I stared at them in wonder. I reached out to touch them.
A paw hit the ground in front of me. It was not my hand.
But it was, wasn't it?
There was a deafening roar of silence inside of my head. I felt completely alone and alienated as I stared down at that bodiless paw and things slowly drew together in a confused, senseless sort of way that I almost—almost—understood.
I tried to scream again. I heard another howl.
I felt my heart thumping inside of my chest, but it was different now. It was not like before.
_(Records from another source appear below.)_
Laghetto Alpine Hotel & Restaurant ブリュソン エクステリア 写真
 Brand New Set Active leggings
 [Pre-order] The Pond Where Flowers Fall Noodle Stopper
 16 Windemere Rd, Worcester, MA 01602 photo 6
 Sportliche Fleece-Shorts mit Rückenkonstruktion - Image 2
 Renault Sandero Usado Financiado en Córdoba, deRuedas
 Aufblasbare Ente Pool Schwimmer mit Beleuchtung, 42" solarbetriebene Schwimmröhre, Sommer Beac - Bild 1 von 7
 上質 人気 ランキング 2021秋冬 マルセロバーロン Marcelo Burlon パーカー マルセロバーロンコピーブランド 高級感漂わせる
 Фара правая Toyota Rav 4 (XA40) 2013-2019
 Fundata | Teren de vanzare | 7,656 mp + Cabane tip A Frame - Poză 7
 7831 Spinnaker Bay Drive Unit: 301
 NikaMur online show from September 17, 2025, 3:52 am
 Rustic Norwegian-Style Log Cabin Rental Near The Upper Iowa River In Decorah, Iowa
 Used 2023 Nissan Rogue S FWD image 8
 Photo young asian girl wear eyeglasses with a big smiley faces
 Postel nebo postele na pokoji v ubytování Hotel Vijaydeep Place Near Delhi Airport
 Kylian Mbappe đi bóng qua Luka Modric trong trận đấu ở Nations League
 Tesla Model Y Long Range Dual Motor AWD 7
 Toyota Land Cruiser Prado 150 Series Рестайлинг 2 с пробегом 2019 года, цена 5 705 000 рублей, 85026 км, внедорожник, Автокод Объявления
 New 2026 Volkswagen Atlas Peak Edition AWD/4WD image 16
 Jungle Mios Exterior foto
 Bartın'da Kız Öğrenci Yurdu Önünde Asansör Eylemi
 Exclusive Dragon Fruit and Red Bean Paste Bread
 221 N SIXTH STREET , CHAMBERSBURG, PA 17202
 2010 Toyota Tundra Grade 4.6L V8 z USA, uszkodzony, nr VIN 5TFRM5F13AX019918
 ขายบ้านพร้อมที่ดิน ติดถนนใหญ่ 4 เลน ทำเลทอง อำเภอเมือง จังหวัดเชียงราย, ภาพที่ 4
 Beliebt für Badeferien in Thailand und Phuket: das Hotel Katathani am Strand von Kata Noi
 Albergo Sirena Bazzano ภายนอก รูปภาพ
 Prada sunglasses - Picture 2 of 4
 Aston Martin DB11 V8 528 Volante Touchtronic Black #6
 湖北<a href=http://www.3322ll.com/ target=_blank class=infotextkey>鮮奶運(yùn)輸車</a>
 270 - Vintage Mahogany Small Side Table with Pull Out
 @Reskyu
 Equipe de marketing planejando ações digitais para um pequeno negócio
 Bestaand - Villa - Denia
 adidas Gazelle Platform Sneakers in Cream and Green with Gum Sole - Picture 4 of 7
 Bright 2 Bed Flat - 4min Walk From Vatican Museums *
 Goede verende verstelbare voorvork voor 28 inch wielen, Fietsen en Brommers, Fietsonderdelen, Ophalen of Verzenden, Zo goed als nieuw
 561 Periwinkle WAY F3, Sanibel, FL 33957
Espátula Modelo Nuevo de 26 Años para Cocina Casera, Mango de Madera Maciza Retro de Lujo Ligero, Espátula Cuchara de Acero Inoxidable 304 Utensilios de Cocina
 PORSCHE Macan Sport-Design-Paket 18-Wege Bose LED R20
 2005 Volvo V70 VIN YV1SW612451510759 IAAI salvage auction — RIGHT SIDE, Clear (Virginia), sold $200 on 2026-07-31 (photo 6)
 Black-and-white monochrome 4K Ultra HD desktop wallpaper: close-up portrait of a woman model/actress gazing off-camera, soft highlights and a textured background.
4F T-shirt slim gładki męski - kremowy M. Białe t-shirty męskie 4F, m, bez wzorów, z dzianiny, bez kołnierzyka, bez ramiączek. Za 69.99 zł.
I felt the difference, I almost understood it as if the answer was innate and had always been there.
I started to run. I pretended not to notice how much closer to the ground I suddenly was, how I had not pushed up onto my feet to run. I pretended not to hear the rhythmic, heavy fall of four feet heating the ground. I pretended I did not feel the heat or know the truth inside of my head.
Because how could it make sense? How could I be the wolf that was howling?
I had fallen. I had hit my head. I could not smell the pizzeria across town as I barreled through the school doors. I could not hear, with incredible clarity, the sound of voices singing in the church over eight blocks away. I did not see the straggler in the parking lot, and I did not hear them scream as they saw me or acknowledge that it was Amy, the flute player from the school band.
I didn't admit any of this, and yet, the woods was the first place I headed, as if this was the place that had always been sanctuary. And, really, it was hard not to feel at home as I sunk into the underbrush, felt thorns tearing at my fur.
Fur?
Oh God. Oh no. I was not. It was not possible.
Despite all evidence to the contrary, it was not physically possible or logical or even believable that I was the wolf that had howled, that I was now on four paws, and covered in long, brown fur.
I shot deeper into the forest. I wanted to get lost. I wanted to hide until I woke up from this awful nightmare. I wanted to escape the fact that the deafening silence had gone away now, and all I could hear, again, was the sound of my heart repeating:
Edward Cullen. Edward Cullen. Edward Cullen.